### Problem statement
Reproduce all of the entries below exactly, without images.

[Items from a dataset]
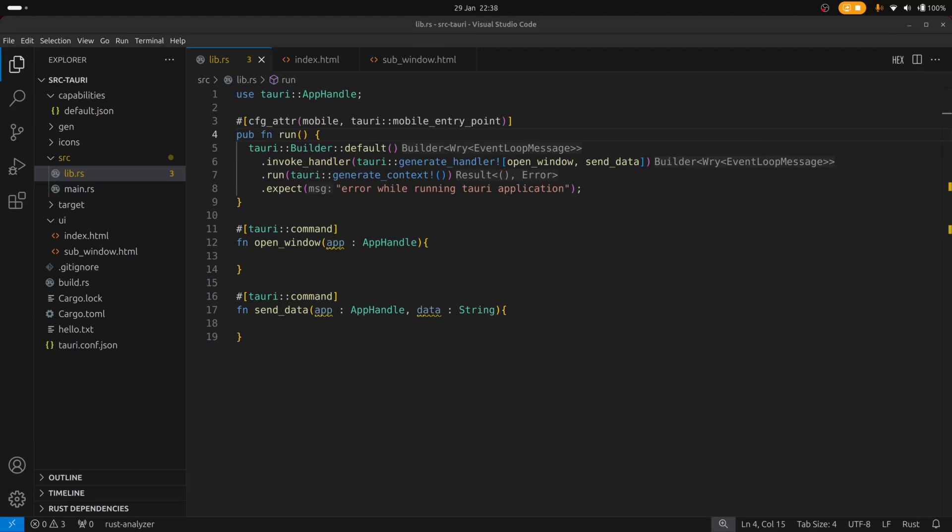We can do this in one of two ways. We can either do it statically using the Tauri config file where we maintain an array of windows, or we can do it in the Rust code at runtime. I'll show you both approaches so that you can decide on what option works best for you.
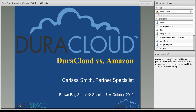Hello and welcome everyone to the seventh session of the DuraCloud Brown Bag series. My name is Carissa Smith and I am the partner specialist primarily working on the DuraCloud project, which is both a managed service and an open source technology offered by the DuraSpace organization. To find out more about either DuraCloud or DuraSpace, I encourage you to visit their respective websites at duracloud.org and duraspace.org.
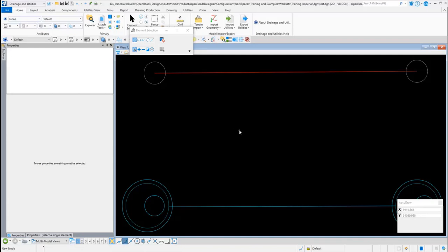I just have a DGN open. I have a couple of utility nodes and conduits and a couple of drainage nodes and conduits.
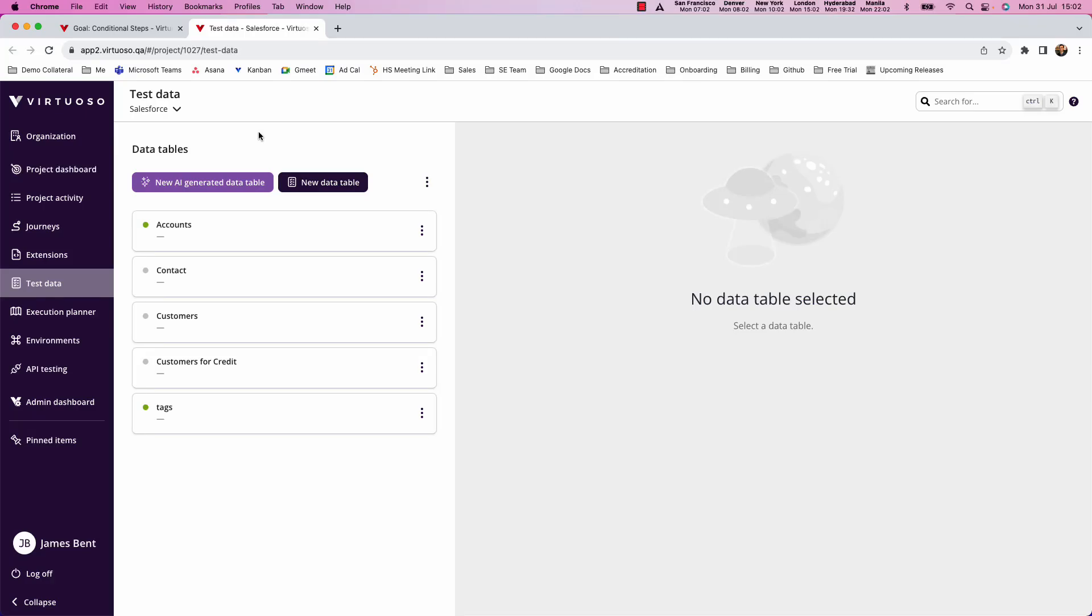In this video, we're going to look at how you can manage conditional steps in your test. For example, if test data doesn't have a particular value on one row of your data, then you could skip a field that wants to write that data into an input field. Or it could be to say, if a checkbox is already checked, then you can put in a conditional step to say, don't run a step to check the checkbox.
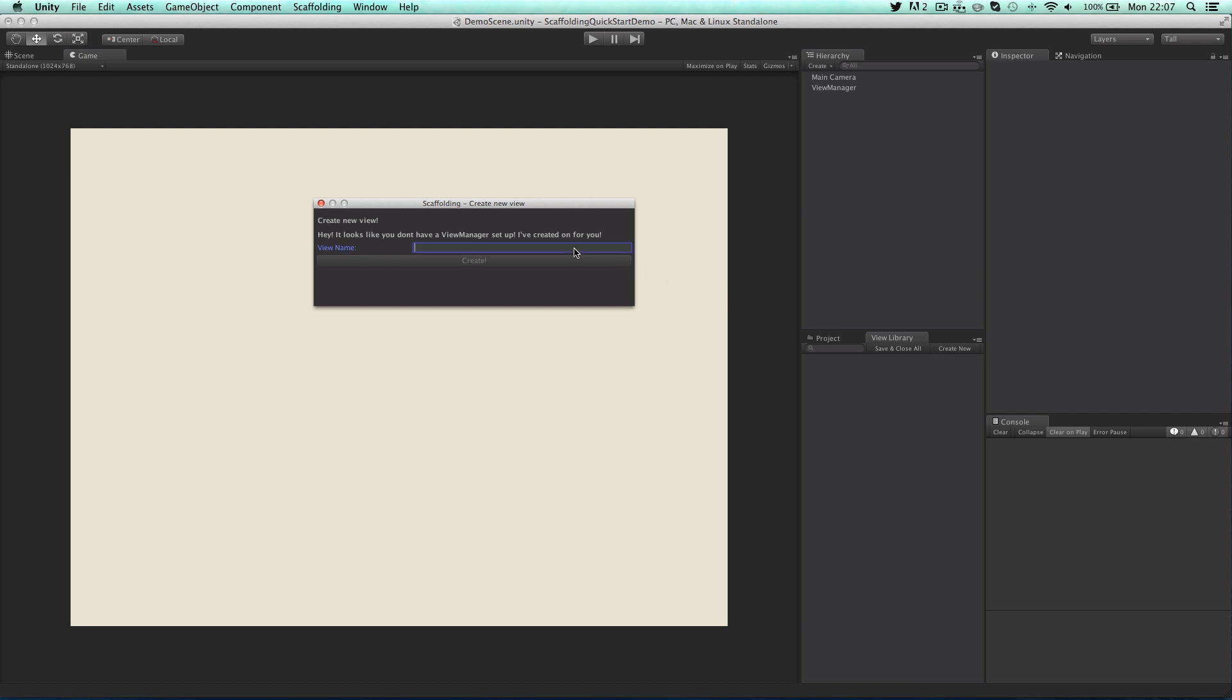This will bring up the create new view window. And as this is the first time we've used this in this project it'll also tell us it's created a new view manager for us. The view manager is part of scaffolding and it manages all the views at runtime.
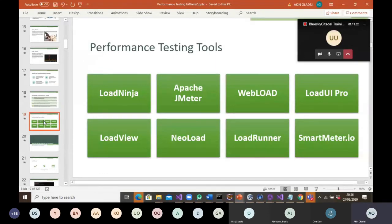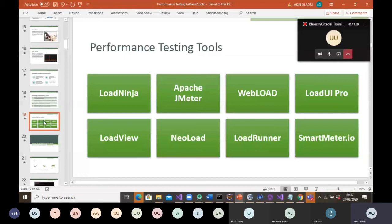There are many industry-standard performance testing tools available, including LoadNinja, Apache JMeter, WebLoad, LoadUI Pro, LoadView, NeoLoad, LoadRunner, SmartMeter, and BlazeMeter. We'll be taking you through Apache JMeter and BlazeMeter in this training. If time permits, a colleague may also cover NeoLoad.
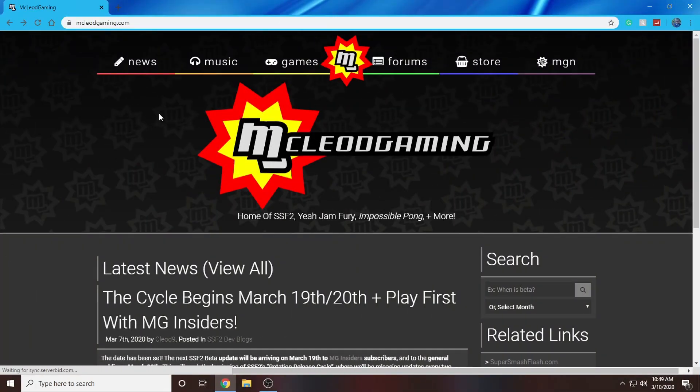Head on over to the official McLeod Gaming website. The link to this website will be down in the description below.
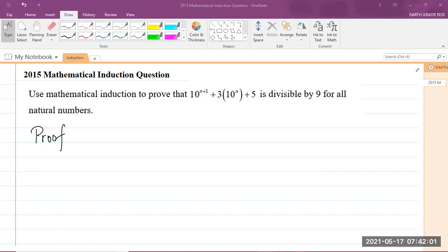So the question says: use mathematical induction to prove that 10 to the power of n plus 1, plus 3 times 10 to the power of n, plus 5 is divisible by 9, for all natural numbers.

### Output for this task
We can do this in one of two ways. We can either do it statically using the Tauri config file where we maintain an array of windows, or we can do it in the Rust code at runtime. I'll show you both approaches so that you can decide on what option works best for you.
Hello and welcome everyone to the seventh session of the DuraCloud Brown Bag series. My name is Carissa Smith and I am the partner specialist primarily working on the DuraCloud project, which is both a managed service and an open source technology offered by the DuraSpace organization. To find out more about either DuraCloud or DuraSpace, I encourage you to visit their respective websites at duracloud.org and duraspace.org.
I just have a DGN open. I have a couple of utility nodes and conduits and a couple of drainage nodes and conduits.
In this video, we're going to look at how you can manage conditional steps in your test. For example, if test data doesn't have a particular value on one row of your data, then you could skip a field that wants to write that data into an input field. Or it could be to say, if a checkbox is already checked, then you can put in a conditional step to say, don't run a step to check the checkbox.
This will bring up the create new view window. And as this is the first time we've used this in this project it'll also tell us it's created a new view manager for us. The view manager is part of scaffolding and it manages all the views at runtime.
There are many industry-standard performance testing tools available, including LoadNinja, Apache JMeter, WebLoad, LoadUI Pro, LoadView, NeoLoad, LoadRunner, SmartMeter, and BlazeMeter. We'll be taking you through Apache JMeter and BlazeMeter in this training. If time permits, a colleague may also cover NeoLoad.
Head on over to the official McLeod Gaming website. The link to this website will be down in the description below.
So the question says: use mathematical induction to prove that 10 to the power of n plus 1, plus 3 times 10 to the power of n, plus 5 is divisible by 9, for all natural numbers.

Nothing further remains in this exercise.